The sub-modules included with pqcprep are

and it is recommended to survey the functions included in each of the submodules when working with the package.

Approach

The key challenge tackled by pqcprep is to construct a PQC that can perform function evaluation: $\ket{j}\ket{0} \mapsto \ket{j} \ket{\Psi'(j)}$, for some analytical function $\Psi$, with $\Psi ' \equiv \Psi / 2 \pi$. Throughout this documentation, the $n$-qubit register containing the $\ket{j}$ and the $m$-qubit register containing the $\ket{\Psi'(j)}$ will be referred to as the "input register" and "target register", respectively.

A quantum convolutional neural network (QCNN) is used to approach the problem. A QCNN is a parametrised quantum circuit involving multiple layers. Two types of network layers are implemented here:

convolutional layers (CL) involve multi-qubit entanglement gates;
input layers (IL) (replacing the conventional QCNN pooling layers) involve controlled single-qubit operations on target qubits.

Input qubits only appear as controls throughout the QCNN.

Convolutional Layers

Each CL involves the cascaded application of a two-qubit operator on the target register. A general two-qubit operator involves 15 parameters. Hence, to reduce the parameter space, the canonical three-parameter operator

$$ \mathcal{N}(\alpha, \beta, \gamma) = \exp \left( i \left[ \alpha X \otimes X + \beta Y \otimes Y + \gamma Z \otimes Z \right] \right) $$

is applied, at the cost of restricting the search space. This can be decomposed (see Vatan 2004) into 3 CX, 3 $\text{R}_\text{z}$, and 2 $\text{R}_\text{y}$ gates. A two-parameter real version, $\mathcal{N}_\mathbb{R}(\lambda, \mu)$, can be obtained by removing the $\text{R}_\text{z}$.

Two convolutional layer topologies are implemented, loosely based on Sim 2019:

neighbour-to-neighbour/linear CLs: the $\mathcal{N}$ (or $\mathcal{N}_\mathbb{R}$) gate is applied to neighbouring target qubits;
all-to-all/quadratic CLs: the $\mathcal{N}$ (or $\mathcal{N}_\mathbb{R}$) gate is applied to all combinations of target qubits.

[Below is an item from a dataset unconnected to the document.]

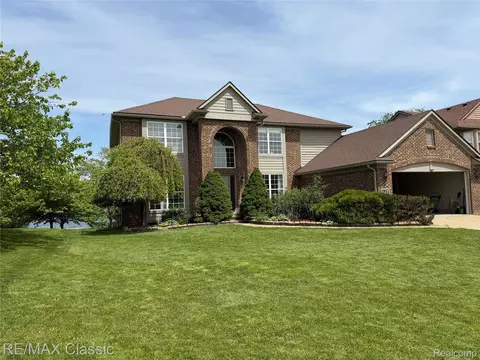 1953 Twin Sun Cir, Walled Lake, MI 48390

The $\mathcal{N}$-gate cost of neighbour-to-neighbour (NN) layers is $\mathcal{O}(m)$ while that of all-to-all (AA) layers is $\mathcal{O}(m^2)$. The QCNN uses alternating linear and quadratic CLs.

Input Layers

ILs, replacing pooling layers, feed information about the input register into the target register.
An IL involves a sequence of controlled generic single-qubit rotations (CU3 gates) on the target qubits, with input qubits as controls. For an IL producing states with real amplitudes, the CU3 gates are replaced with $\text{CR}_\text{y}$ gates. Each input qubit controls precisely one CU3 (or $\text{CR}_\text{y}$ operation), resulting in an $\mathcal{O}(n)$ gate cost. ILs are inserted after every second convolutional layer, alternating between control states 0 and 1.

Training the QCNN

For training, the QCNN is wrapped as a SamplerQNN object and connected to PyTorch's Adam optimiser via TorchConnector. The optimiser determines improved parameter values for each training run ("epoch") based on the calculated loss between output and target state. Beyond loss, mismatch is an important metric: $$ M= 1 - |\braket{\psi_\text{target}| \psi_\text{out}}|. $$

There are two ways to train the QCNN on input data:

Training on individual states: one of the $2^n$ input states, $\ket{j},$ is randomly chosen each epoch. The network is thus taught to transform $\ket{j}\ket{0} \mapsto \ket{j}\ket{\Psi'(j)} $ for each of the states individually.
Training in superposition: the network is taught to transform $$ \left(\sum^{2^n-1}_{j=0} c_j \ket{j} \right) \ket{0} \mapsto \sum^{2^n -1}_{j=0} c_j \ket{j}\ket{\Psi'(j)}, $$ where the coefficients $c_j \sim \frac{1}{\sqrt{2^n}}$ are randomly sampled each epoch.
By linearity, this teaches the network to transform $\ket{j}\ket{0} \mapsto \ket{j}\ket{\Psi'(j)} $ for each $\ket{j}$.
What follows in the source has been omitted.